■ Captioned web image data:
◇ ◇ ◇

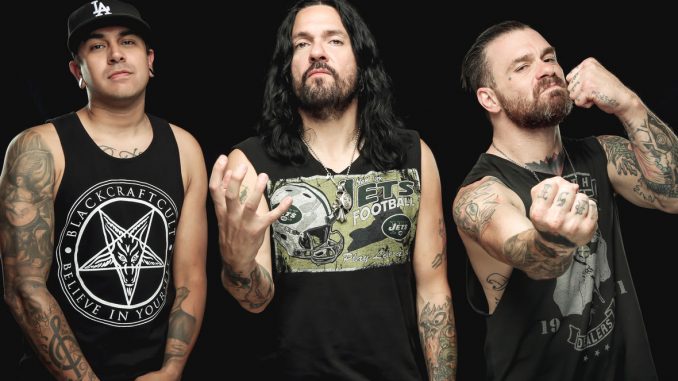 PRONG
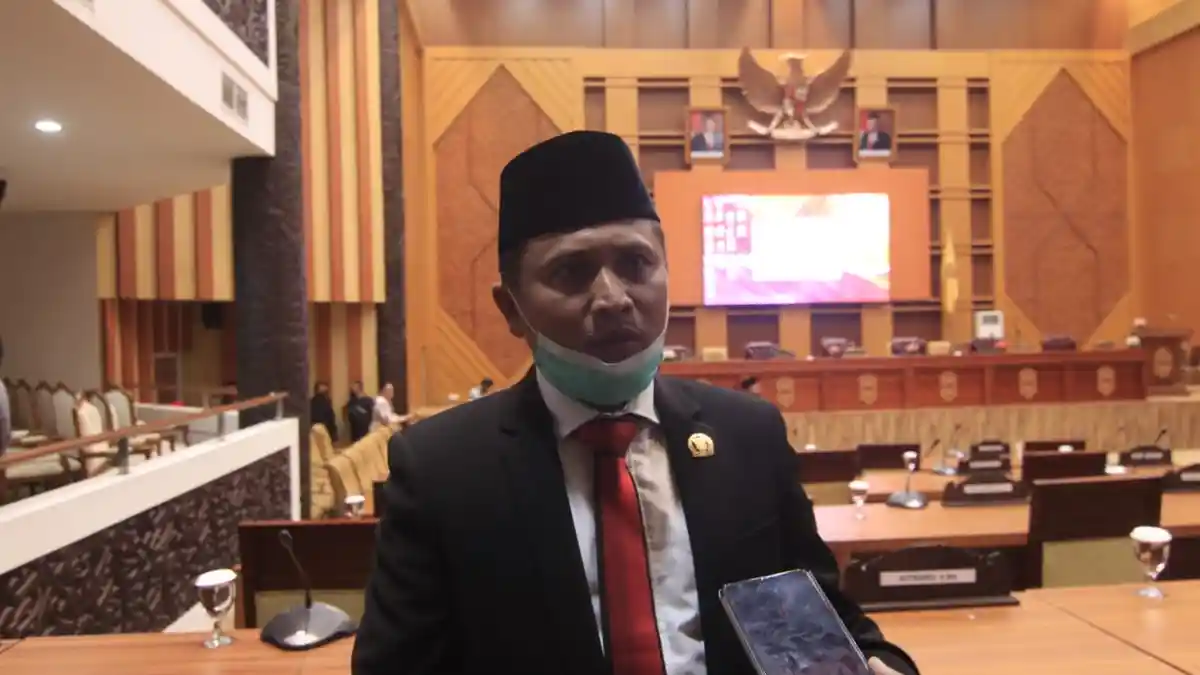 DPRD Bersama Pemkot Samarinda Turut Serta Dongkrak PAD, Pajak Bumi dan Bangunan Harus Ditingkatkan
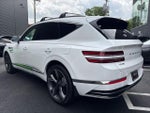 2026 GV80 Thumbnail 5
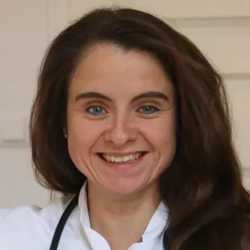lek. spec. Magdalena Masłowska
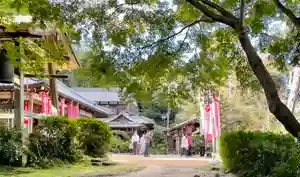 牟禮山観音禅寺(滋賀県)(2022年10月30日(日) 19時50分52秒投稿)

◇ ◇ ◇

■ Problem requirements:
Ignoring the pictures, write out word for word only the lines from the one containing "DPRD Bersama Pemkot" through the last line of the data, both ends included.

■ Task response:
 DPRD Bersama Pemkot Samarinda Turut Serta Dongkrak PAD, Pajak Bumi dan Bangunan Harus Ditingkatkan
 2026 GV80 Thumbnail 5
lek. spec. Magdalena Masłowska
 牟禮山観音禅寺(滋賀県)(2022年10月30日(日) 19時50分52秒投稿)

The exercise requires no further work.